STORED DATA:
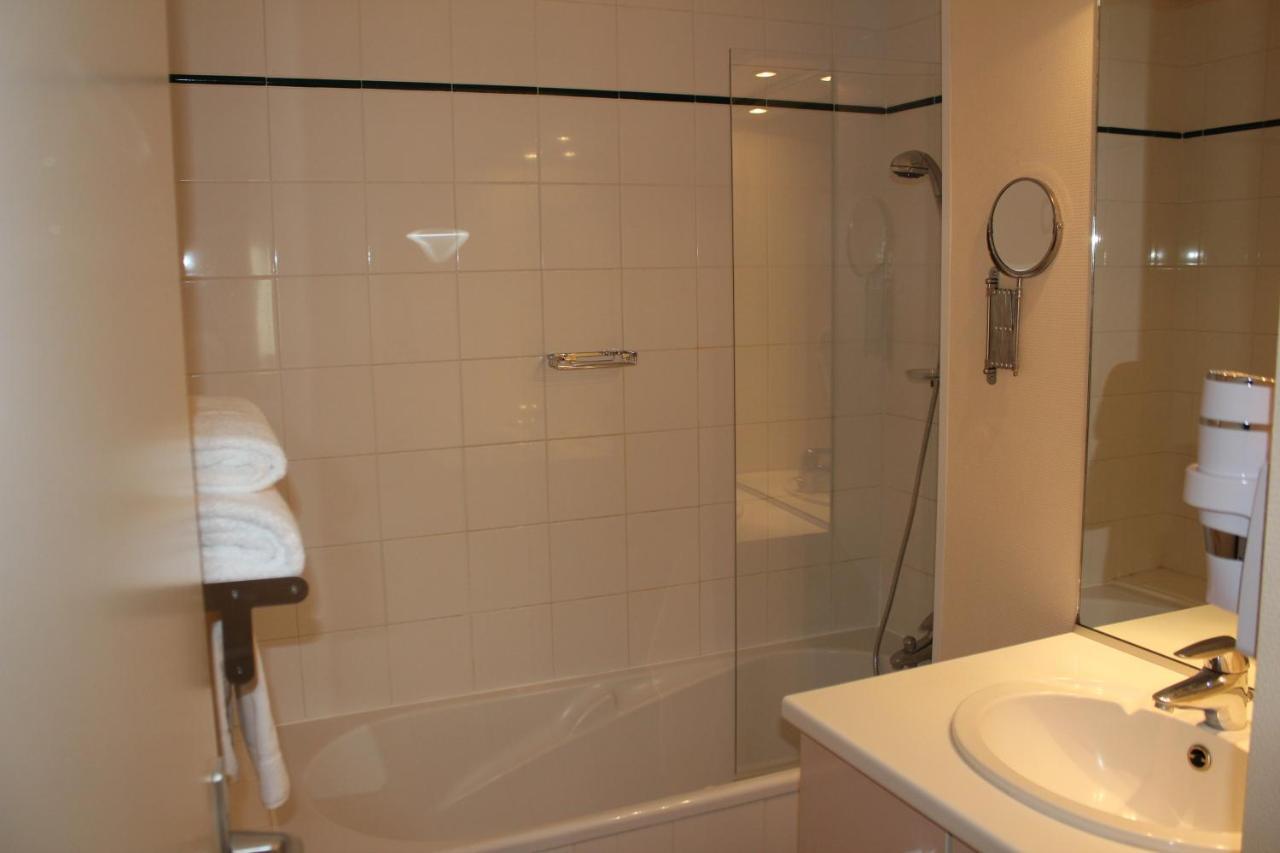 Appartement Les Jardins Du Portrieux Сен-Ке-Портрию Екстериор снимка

* * *

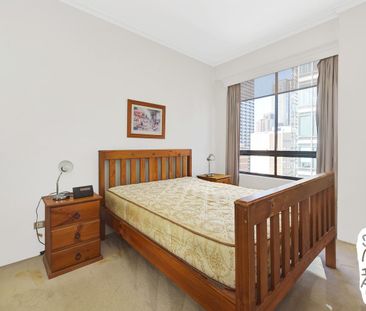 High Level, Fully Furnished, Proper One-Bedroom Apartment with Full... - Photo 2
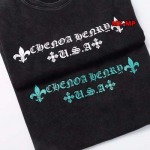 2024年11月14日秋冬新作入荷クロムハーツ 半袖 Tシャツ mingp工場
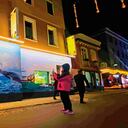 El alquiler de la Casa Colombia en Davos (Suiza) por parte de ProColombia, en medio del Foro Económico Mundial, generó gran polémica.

--

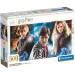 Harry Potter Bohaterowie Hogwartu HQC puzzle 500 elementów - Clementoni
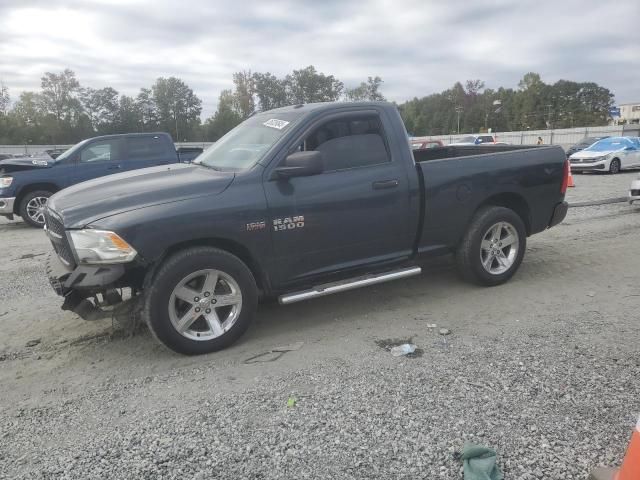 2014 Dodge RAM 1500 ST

WHAT IS NEEDED: Copy exactly the lines of the entries above from the one containing "2024年11月14日秋冬新作入荷クロムハーツ 半袖 Tシャツ mingp工場" through the one containing "El alquiler de". Both end lines count; pictures do not.

WORKED SOLUTION:
 2024年11月14日秋冬新作入荷クロムハーツ 半袖 Tシャツ mingp工場
 El alquiler de la Casa Colombia en Davos (Suiza) por parte de ProColombia, en medio del Foro Económico Mundial, generó gran polémica.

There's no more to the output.